"I'm one with the Goddess
and open to Her Wisdom."
7th Day of the 10th Lunar Cycle
Ruled by Kore
Lunar Tree Cycle of Muin/Vine
13th Day of the Celtic Tree
Month of Muin/Vine
Moon Phase: waxing Crescent
Moon rises: 2:18PM EDST
Moon sets: 11:32PM EDST
Moon in the Mutable Fire
Sign of Sagittarius
Blodeuwedd's Cycle of the Moon
Lunar Meditation: The urgency
of vocation
Sun in Virgo
Sunrise: 6:59AM EDST
Sunset: 7:32PM EDST
Solar Question for the Day: "What is
transforming within you?"
Lughnasadh (Gwyl Awst) Quarter
of the Year
September 14th, 2010
This is Tiu's Day - the Day of Activity and Physicality, Passion and Desire. Today there are Major magickal energies for achieving Independence.
Autumn in the Garden
[From Ellen Dugan's "Autumn Equinox"]
Gardening, like magick, is an art. There is always something new to discover and more to learn. An enchanting even happens in the garden in the autumn season. After the hot, dry days of summer's end, many magickal plants get a chance to really shine in the cooler rains and gently sunny days of the fall months. As the garden starts to wind down from the mad rush of summer, a different type of energy begins to emanate from the magickal garden. This energy is more relaxed and celebratory as nature puts on its last big show before winter arrives. Dugan believes that one of most appealing qualities of the garden in autumn is its disarray. Plants are overgrown, blowzy, and wild - and honestly that's part of the charm of autumn gardens.
Folks often incorrectly assume that spring and summer are the prime gardening seasons and that the beginning of fall brings an end to the garden's glory. It is often thought that the flower garden s fading away at this time of the year, but you couldn't be mistaken. Yes, there are the common chrysanthemums in bright mounds and splashes of color, but there is much more to the fall garden than just mums.
This is the opportunity to explore a little of autumn's natural magick. Head outdoors and take a look around with those Witch's eyes.

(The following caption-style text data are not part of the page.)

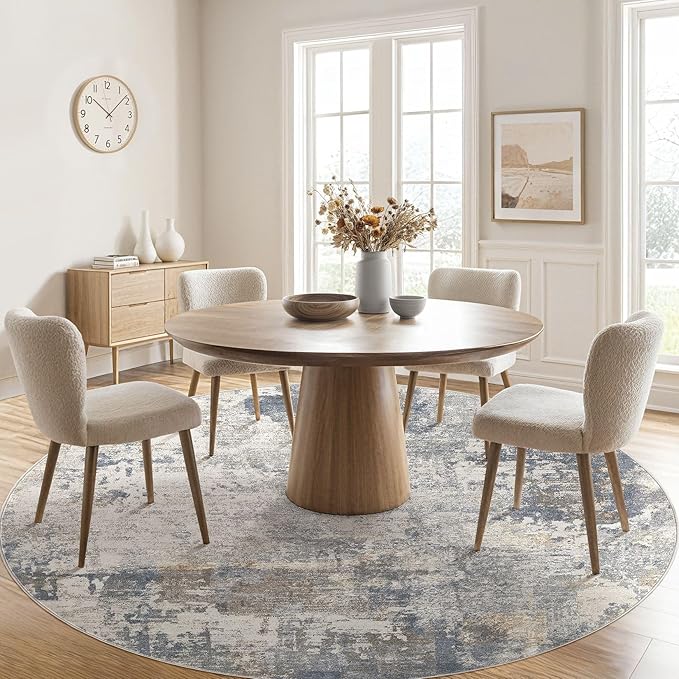UERMEI 10ft Round Area Rug Living Room Rugs - 10x10 Washable Large Neutral Modern Abstract Soft Thin Rug Indoor Floor No Slip Rug Carpet for Bedroom Under Dining Table Home Office Decor - Blue Grey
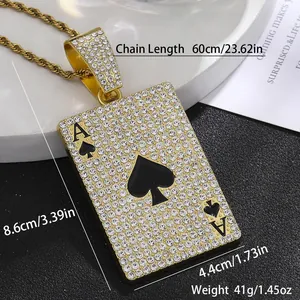 Macro view of Ace of Spades hip hop pendant with sparkling rhinestones and twisted chain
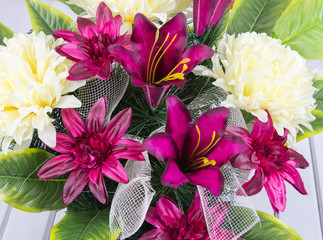 closeup of a bouquet of artificial flowers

Read this little excerpt from the first book of the Sweep series - "On a Friday afternoon I was in my backyard, raking leaves or, rather raking occasionally but mostly seeing stunning maple leaf after stunning leaf. I would pick them up, examining them, admiring the passionate blotch and smear of colors across their finely veined skin. Some were still half green, and I imaged that they felt surprised to find themselves on the ground so soon. Some were almost completely dry and brown, yet with a defiant border of red or bloody tips as if they had raked the bark on the way down. Others were ablaze with autumn's fire of yellow, orange and crimson, and some were very small still, too young to die, yet born too late to live.
I pressed my palm against a crisp leaf as big as my hand. Its colors felt warm against my skin, and with my eyes closed, I could feel impressions of warm summer days, the joy of being blown in the wind, the tenacious hanging on, and then the frightening, exhilarating release of autumn. Floating, finished to the ground. The smell of earth, the joining to the earth."
As you develop your witchy awareness of things around you, visit with the leaves this fall in this way.